Monsieur X... écrivait encore, à l' évidence atteint de culpabilité, le 30 juin 1978 : " mon attitude à ton égard a été impardonnable, aussi je n' ai pas la prétention de la justifier..., je n' ai jamais aimé comme je t' aime, je sais que c' est incroyable, idiot, ", correspondance pouvant légitimement laisser Madame Y... croire au retour de son mari et père de ses enfants.
Cet espoir a perduré jusqu' à ce que Monsieur X... dépose sa requête en divorce, alors que Madame Y... ne pouvait plus envisager de refaire sa vie.
C' est donc ce " faux espoir " entretenu par Monsieur X..., sans doute plus par coupable faiblesse que par malicieuse manoeuvre, qui est à l' origine du préjudice moral dont elle est fondée à demander réparation et non l' abandon du domicile conjugal ou l' adultère ne pouvant caractériser que le seul divorce pour faute et non celui prononcé pour rupture de la vie commune.
Compte tenu de ces éléments, il y a lieu de faire droit à la demande en dommages et intérêts présentée par Madame Y... et de lui allouer, à ce titre, la somme de 10. 000 € en réparation de son préjudice moral.

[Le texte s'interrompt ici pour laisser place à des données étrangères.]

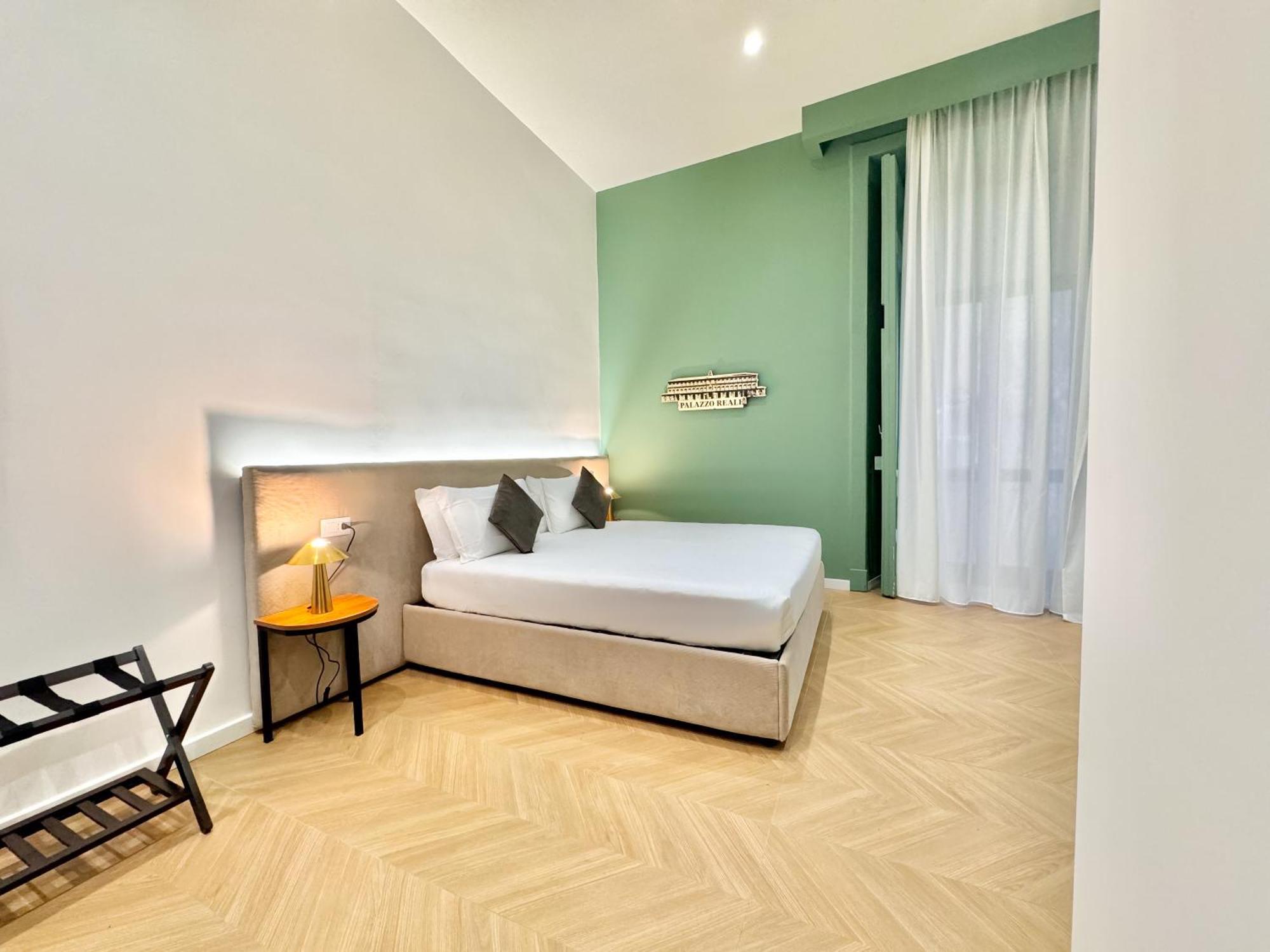 Toledo Luxury Rooms - Lr Collection Neapol Zewnętrze zdjęcie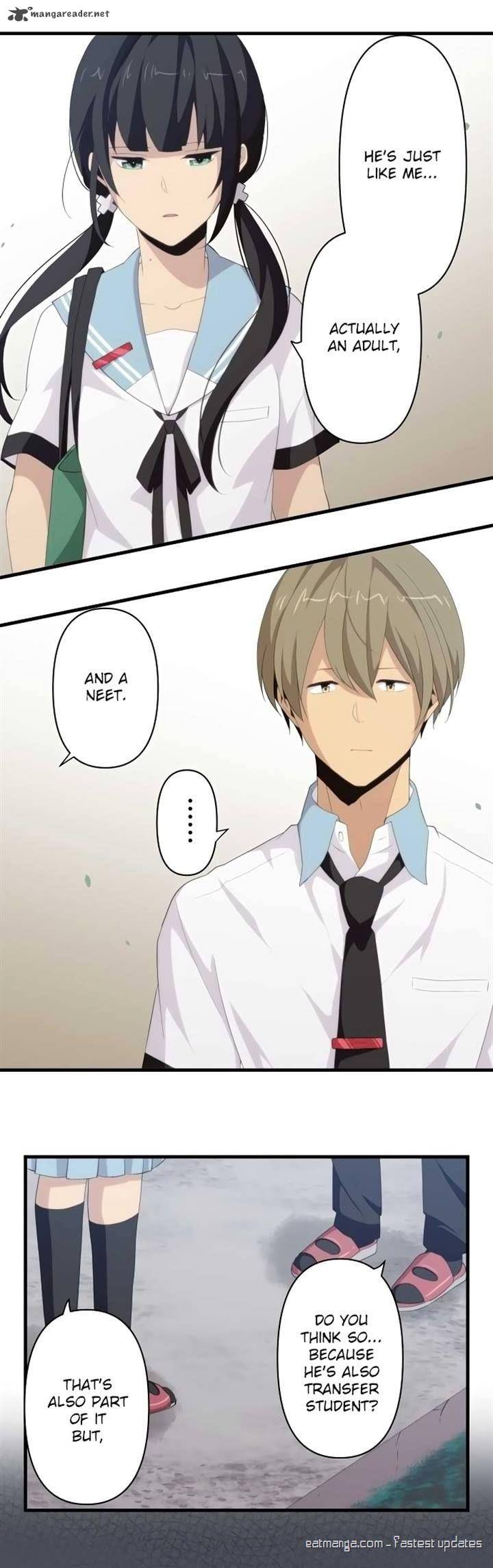 Relife Chapter 116 Page 12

- sur la demande au titre de l' article 700 du Nouveau Code de Procédure Civile :
Il serait contraire à l' équité de laisser à la charge de l' épouse qui subit la procédure de divorce, la totalité des frais non compris dans les dépens qu' elle a exposés. Il convient de lui allouer la somme de 3. 000 € au titre de l' article 700 du Nouveau Code de Procédure Civile.
- sur les dépens :
En application de l' article 1127 du Nouveau Code de Procédure Civile, Monsieur X... sera tenu aux entiers dépens de première instance. Le jugement déféré sera réformé en ce sens, Monsieur X... devant supporter en outre les entiers dépens d' appel.
PAR CES MOTIFS :
LA COUR, statuant publiquement, après débats en chambre du conseil, contradictoirement,
REFORME le jugement déféré sur les dommages et intérêts et sur les dépens,
Statuant à nouveau sur cette seule disposition,
CONDAMNE Monsieur X... à verser à Madame Y... la somme de 10. 000 € à titre de dommages et intérêts, en réparation de son préjudice moral,
CONFIRME le jugement déféré en toutes ses autres dispositions,
Y ajoutant,
CONDAMNE Monsieur X... à payer à Madame Y... la somme de 3. 000 € au titre de l' article 700 du Nouveau Code de Procédure Civile,
CONDAMNE Monsieur X... aux entiers dépens de première instance et d' appel avec distraction au profit de la SCP POMIES- RICHAUD- VAUJOU, avoués, conformément aux dispositions de l' article 699 du Nouveau Code de Procédure Civile.
Arrêt signé par M. ROUDIL, Président et par Madame GUIRAUD, Greffier.